Short text fragments from websites:
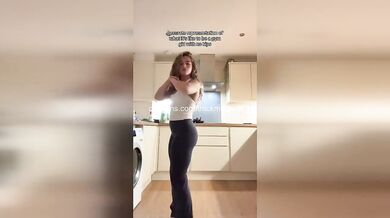 Skylar Mae Glory Hole Destroyed Gushing Choked Bukkake 10 Loads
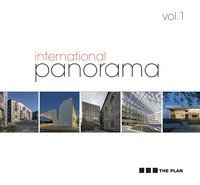 International Panorama. Ediz. inglese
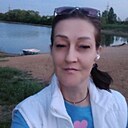 Знакомства: Ирина, 47 лет, Барановичи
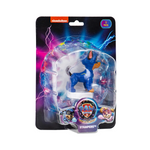 ختم مجسمات شخصيات باو بترول اشكال متنوعه شخصيات كرتونية Paw Patrol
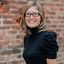 Jennifer Edmonds State Farm Agent Team Member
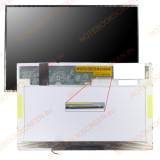 LG/Philips LP154W01 (A5) kompatibilis matt notebook LCD kijelző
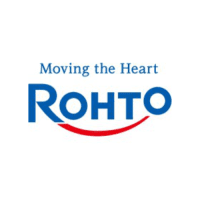 PT Rohto Laboratories Indonesia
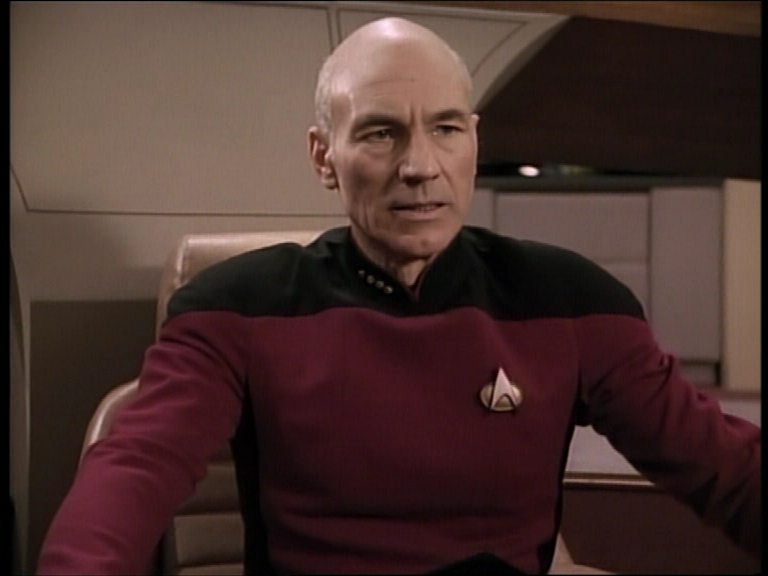 captain%2Bpicard.png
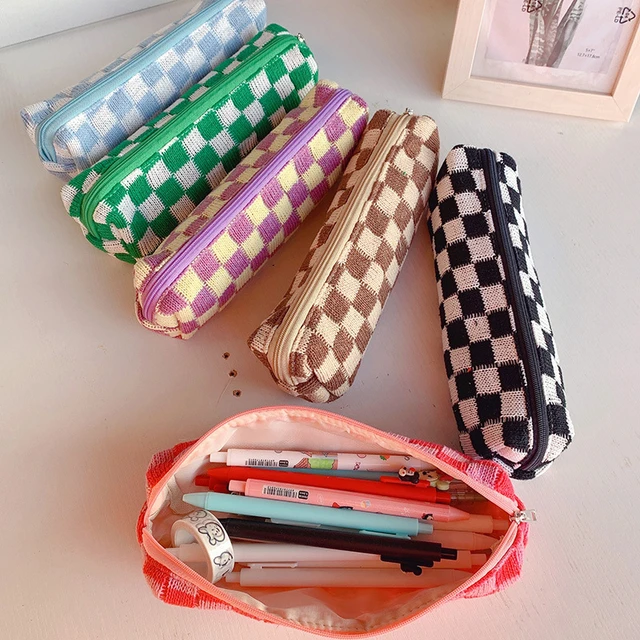 Cute Small Coin Purse Drawstring Bag Handbags Woman Girl Kids Jewelry  Lipstick Cosmetic Tote Rope Bags Storage Pouch String Bag - AliExpress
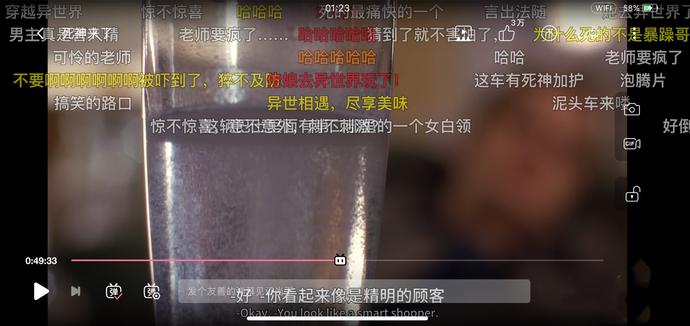 ?url=http%3A%2F%2Fdingyue.ws.126.net%2F2021%2F0424%2F57cc85a6j00qs27zn00qzc001ib00pmg.jpg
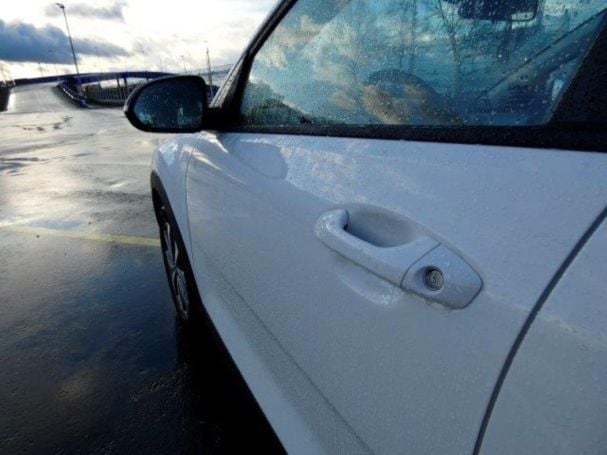 KIA Stonic 1.0T DCT Vision Navi Kamera Lenkradhzg KIA Stonic 1.0T DCT Vision Navi Kamera Lenkradhzg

_WHAT IS EXPECTED_: Please give back an exact copy of the entries above from their first line through the line containing "captain%2Bpicard.png", leaving the pictures aside.

_EXERCISE OUTPUT_:
 Skylar Mae Glory Hole Destroyed Gushing Choked Bukkake 10 Loads
 International Panorama. Ediz. inglese
 Знакомства: Ирина, 47 лет, Барановичи
 ختم مجسمات شخصيات باو بترول اشكال متنوعه شخصيات كرتونية Paw Patrol
 Jennifer Edmonds State Farm Agent Team Member
 LG/Philips LP154W01 (A5) kompatibilis matt notebook LCD kijelző
 PT Rohto Laboratories Indonesia
 captain%2Bpicard.png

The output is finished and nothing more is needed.